RECORDS PROVIDED section start

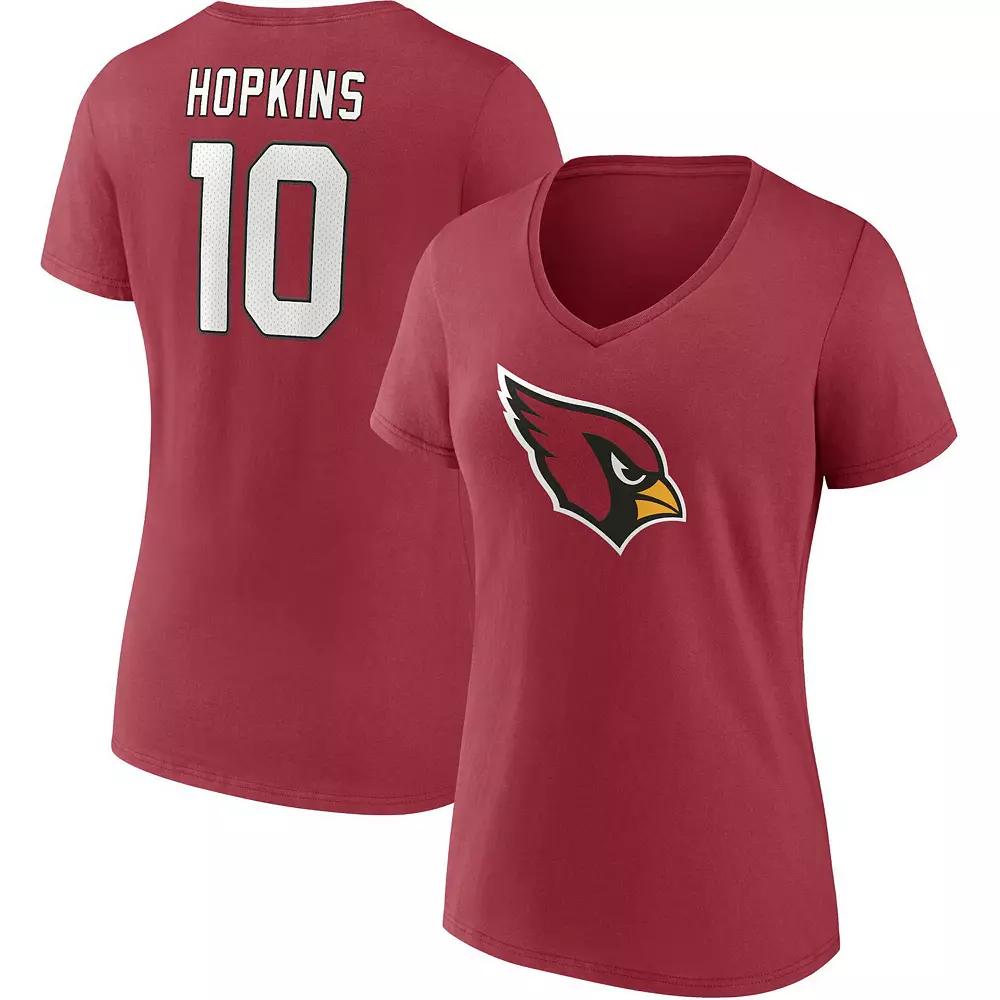 Women's Fanatics Branded DeAndre Hopkins Cardinal Arizona Cardinals Player Icon Name & Number V-Neck T-Shirt,  Product Image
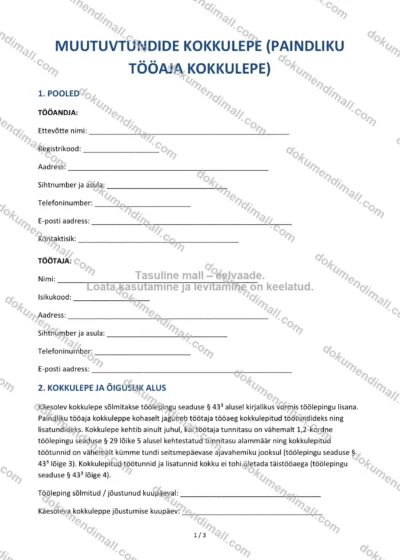 Muutuvtundide Kokkulepe | Lepingumall – Allalaaditav Word & PDF — dokumendimall DOCX-vormingus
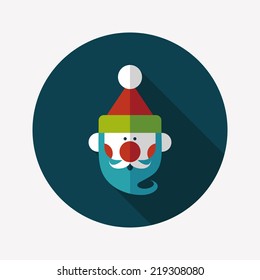 Santa Claus flat icon with long shadow, eps10
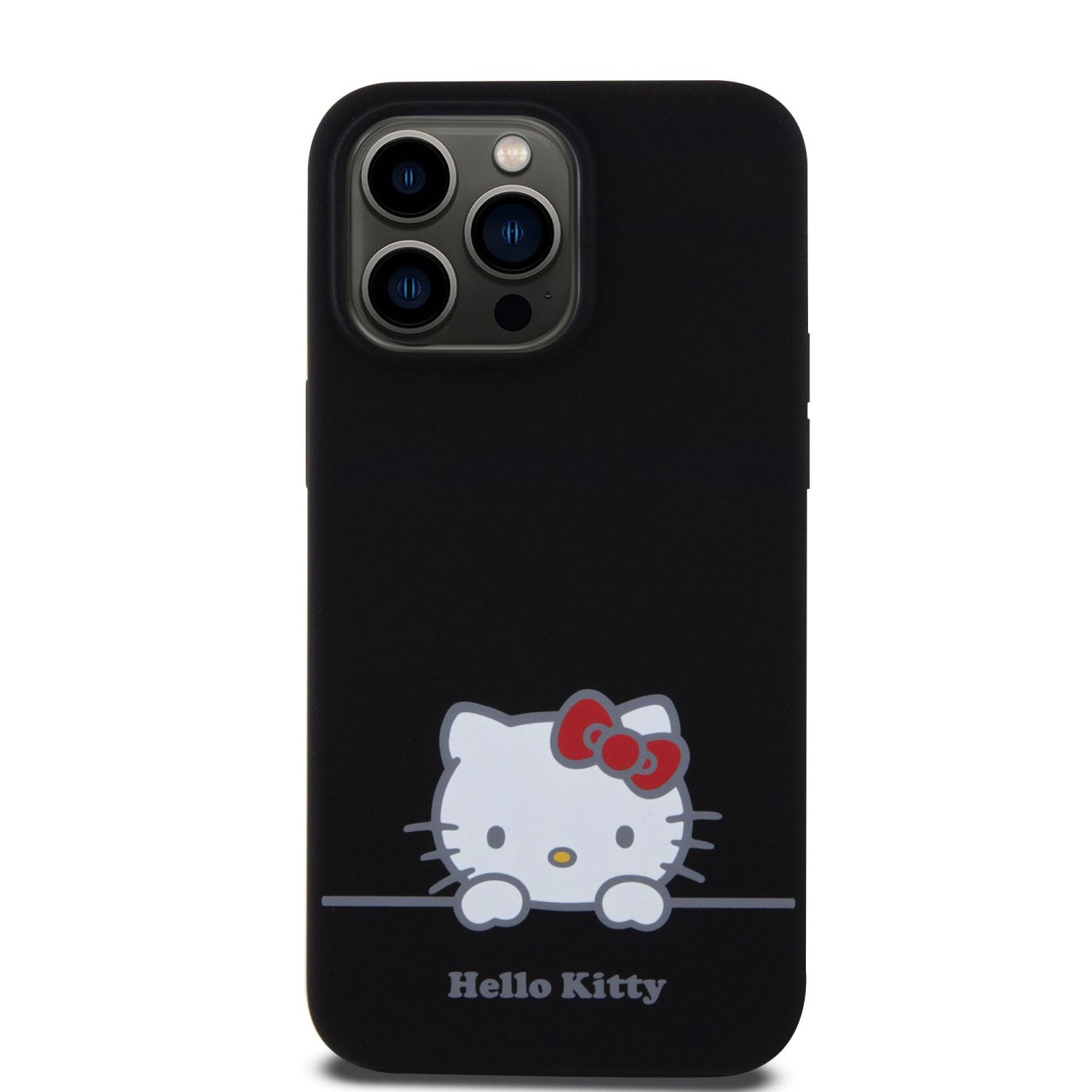 Zadní kryt Hello Kitty Liquid Silicone Daydreaming Logo pro Apple iPhone 15 Pro Max, black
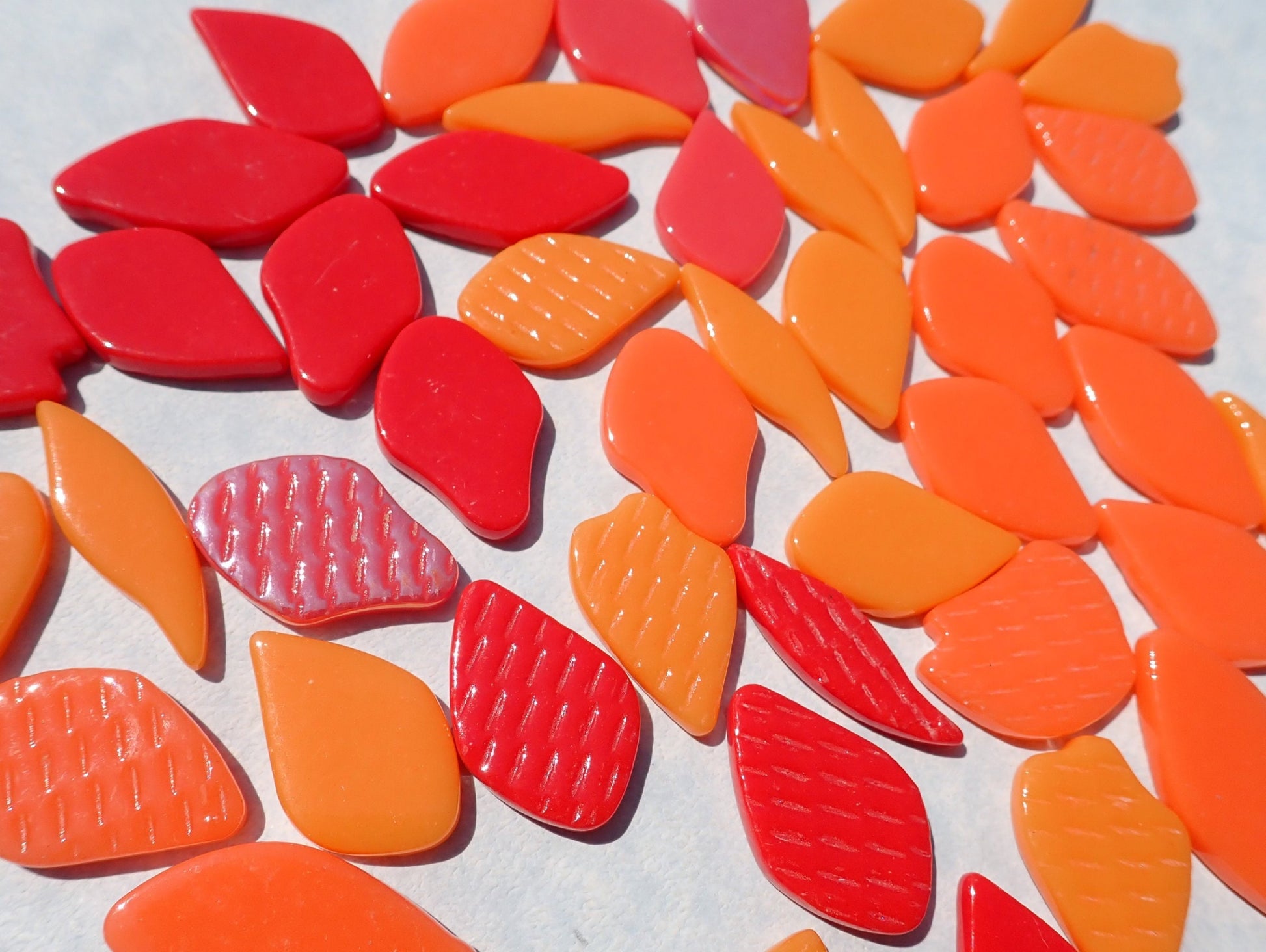 Orange and Red Glass Petals - 50g of Leaves in a Mix of Shapes and Sizes - Nasturtium Bouquet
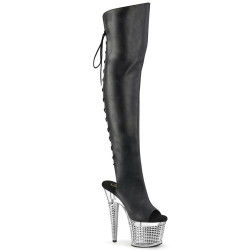Pleaser SPECTATOR-3019 Black Faxur Laced Overknee Boots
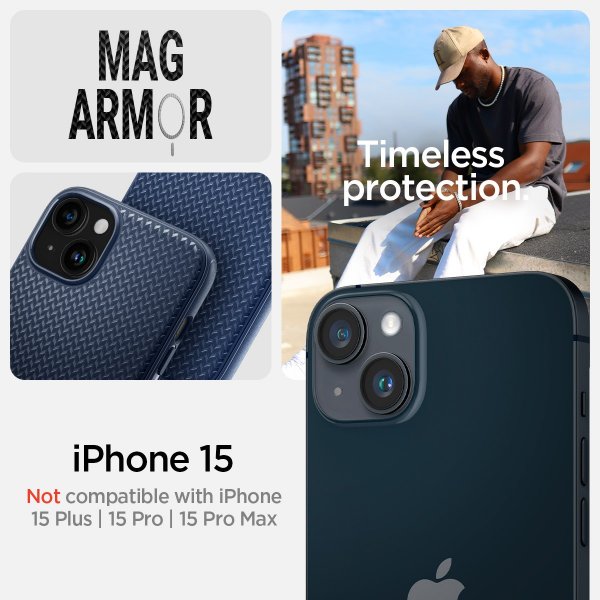 Spigen iPhone 15 Cover Mag Armor MagFit Navy Blue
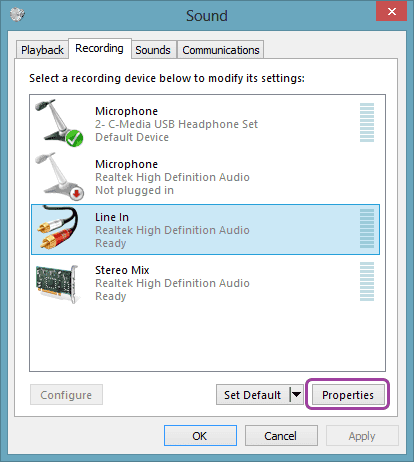 Line in properties
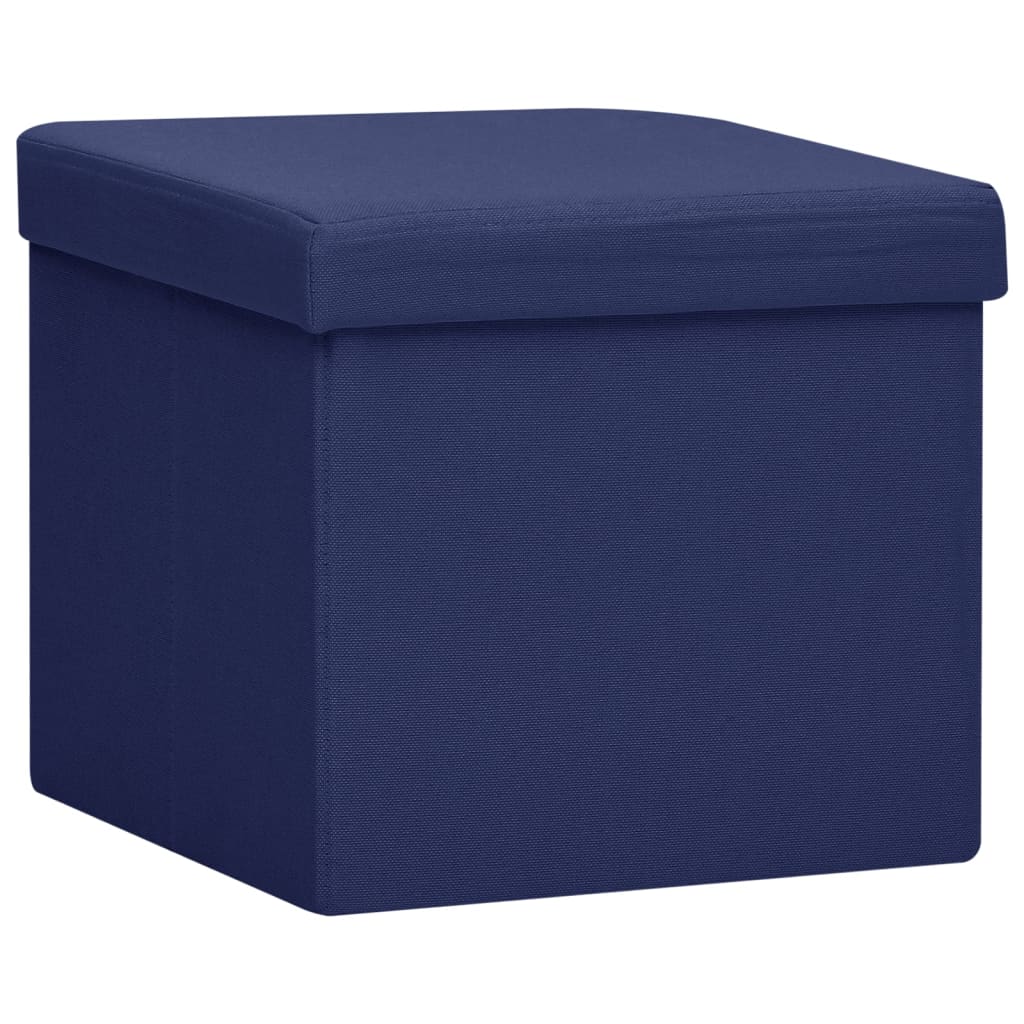 Hocker mit Stauraum Katzenmuster Blau Stoff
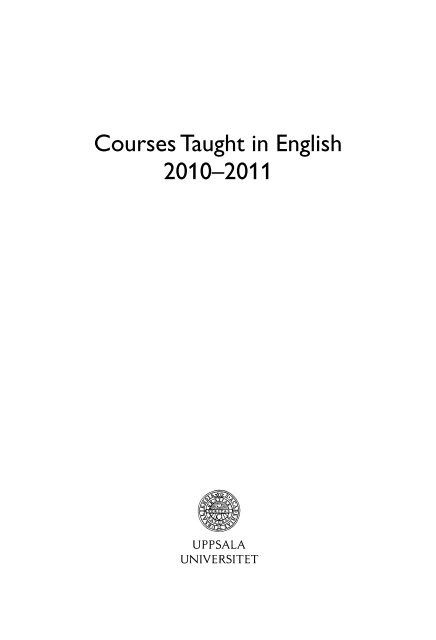 Courses Taught in English 2010–2011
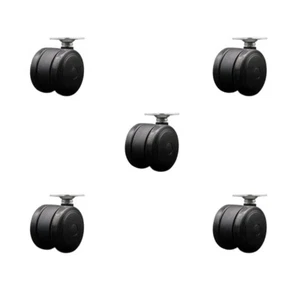 2 Inch Black Floor Safe Twin Wheel Casters Top Plate Set of 5 Service Caster - Picture 1 of 4
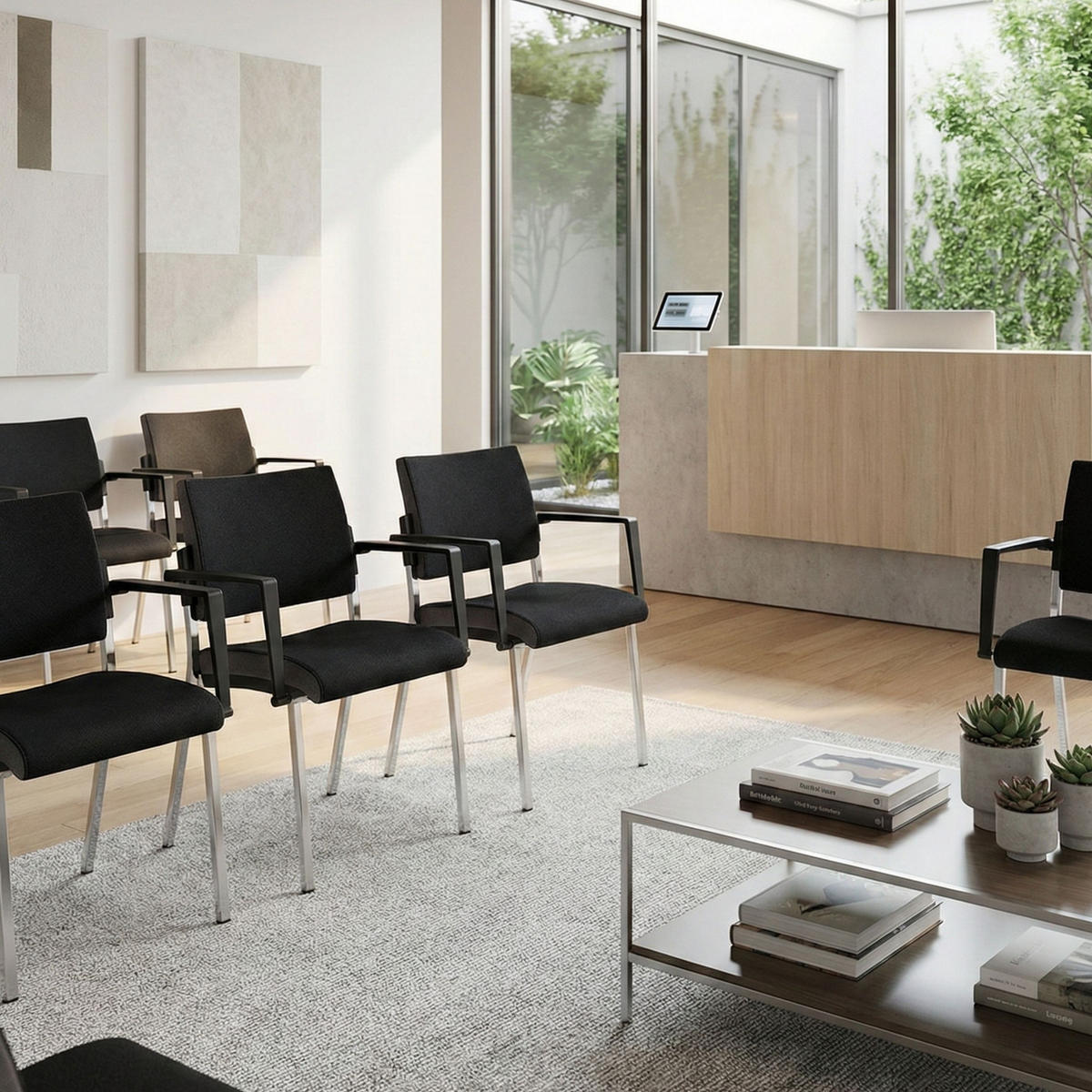 KONFERENZSTÜHLE Besucherstühle (2er-Set) 50/59/80 cm in Schwarz - Schwarz, Metall (59/80/50cm) - bümö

RECORDS PROVIDED section end

The answer consists solely of the lines from the one holding "Courses Taught in English 2010–2011" through the final line of the records, both ends included, each duplicated exactly. Leave images out.

 Courses Taught in English 2010–2011
 2 Inch Black Floor Safe Twin Wheel Casters Top Plate Set of 5 Service Caster - Picture 1 of 4
 KONFERENZSTÜHLE Besucherstühle (2er-Set) 50/59/80 cm in Schwarz - Schwarz, Metall (59/80/50cm) - bümö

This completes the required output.